Starting with some classic DataFrame and UDF basics, let’s fire up Zeppelin and start with a simple DataFrame of 1 million rows with an id column plus a text column containing the id value padded.

Let’s say there is a complex piece of logic required such that the text column has to be transformed into a tuple of 3 values representing first,second and third character of the text column. That can be implemented using substring function in Spark SQL but for now, we will use a UDF. The UDF also references an accumulator that will be used to count how many times the UDF is invoked.

The UDF should work as expected transforming the text column into a tuple with 3 elements.

It’s expected that if the above transformed column is materialized for the whole DataFrame, then the UDF will be called for every individual row in the DataFrame which is 1M in our case.

Using explain function of the DataFrame, the execution plan of the above query shows a single call of the UDF which is expected plus Spark being clever including the expression to create the text column into same computation.

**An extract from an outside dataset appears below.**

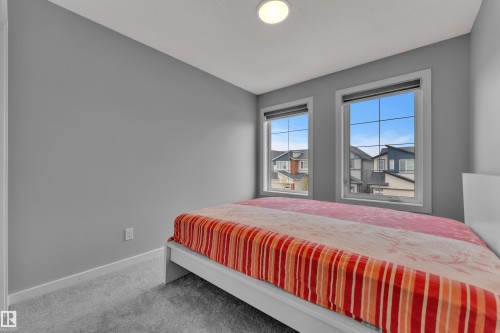 7043 182 Avenue, Edmonton, AB 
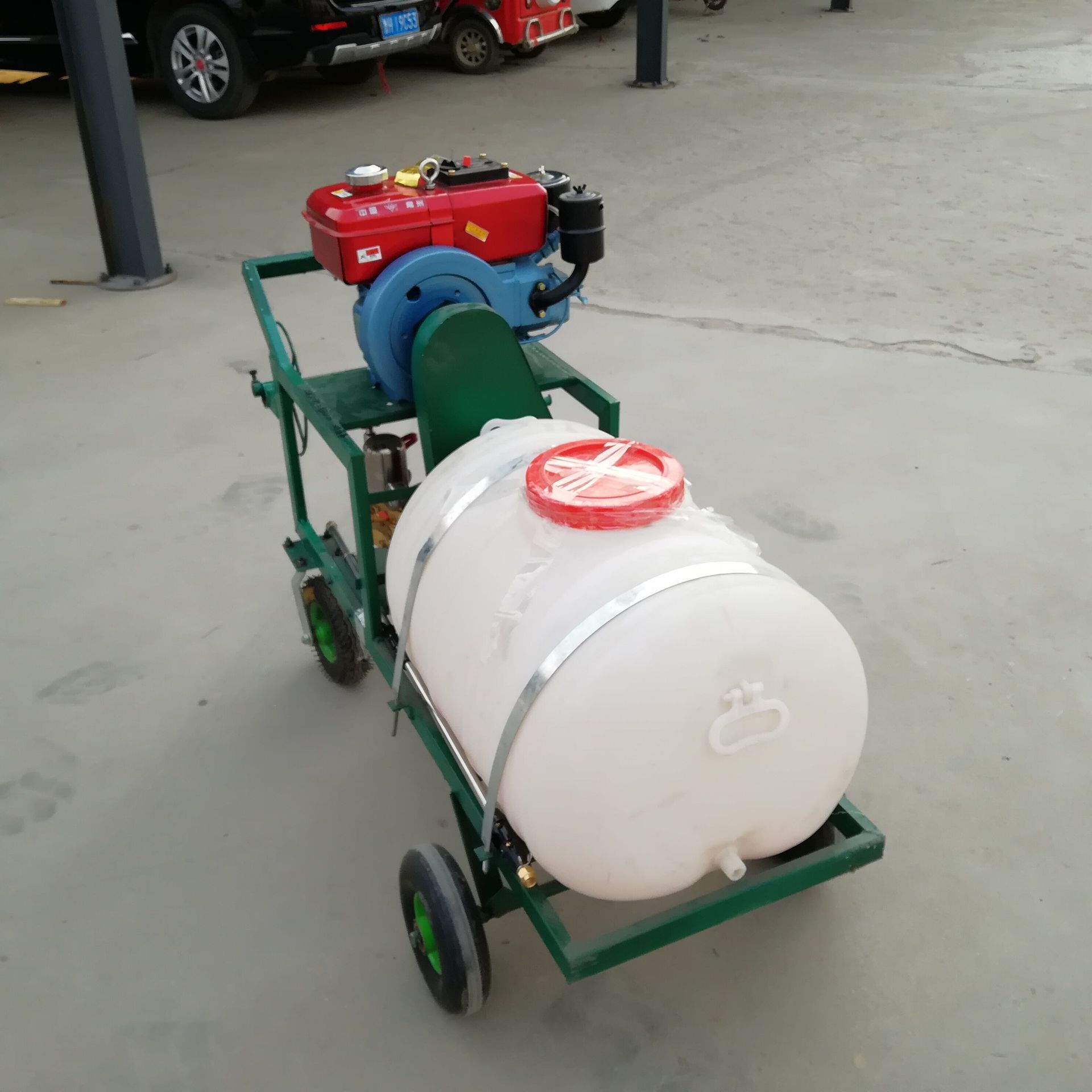 卫生消毒手推式喷雾器 蔬菜基地杀虫喷药机柴油款苗圃高喷杀虫车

But what would be the case if want to extract the individual elements of that UDF produced tuple and do something with them. Will the UDF be called once per row?

Wow! 3 million UDF calls, meaning for every expression dependent on the UDF output a call will be placed. Another fact is that the number of calls is 3 million not 4 million as the column transformed_text itself is not required in the final action result so only the individual expressions to pull tuple elements are the only things needed to satisfy the query. The execution plan shows this fact clearly.

So why this behaviour happens? Spark by default treats any UDF as a deterministic function. Meaning it can be called many times for the same input with no risk as the output will be the same. That concept sounds like pure functions which are identified by two main attributes (copied from Wikipedia):

  1. Its return value is the same for the same arguments
  2. Its evaluation has no side effects

This decision to treat UDF as deterministic by default most likely relates to Spark optimization of query execution plan.

Single call per row

Let’s assume we want the UDF to be called once per each row, how to achieve that? The first idea might be to introduce caching (plus an action after it) directly after the expression involving the UDF. That sounds like a plan but it’s more like a hack rather than a proper solution.

Spark community has already provided a solution to this problem since version 2.3.0. The solution is to mark the UDF as non deterministic so Spark will be forced to materialize its outcome thus calling it once per row.

The UDF is called once for each row and then subsequent expressions continue from that point onward.

Because repeating the UDF for same inputs could be computationally expensive if the logic inside the UDF is complicated, some folks placed a SPARK Jira ticket to make UDFs non deterministic by default in future Spark major version. Also the simple intuition around UDF may lead to the assumption that non deterministic mode should be the default as this is how users naturally expect their code to run.

Surprisingly when I tried the same code on a DataBricks cluster on Azure, I did not need to mark the UDF non deterministic to get a single call per row behavior. It seems it’s baked into the DataBricks Spark distribution by default for some reason.

What about instability?

Even if we have limitless compute and don’t mind executing the UDF multiple times per single row, there could be other factors to consider. In some certain edge cases, the code inside the UDF may return different result for the same inputs. That’s a clear indication of another problem but due to the nature of big data applications, it may not be very obvious and will definitely cause a lot of confusion.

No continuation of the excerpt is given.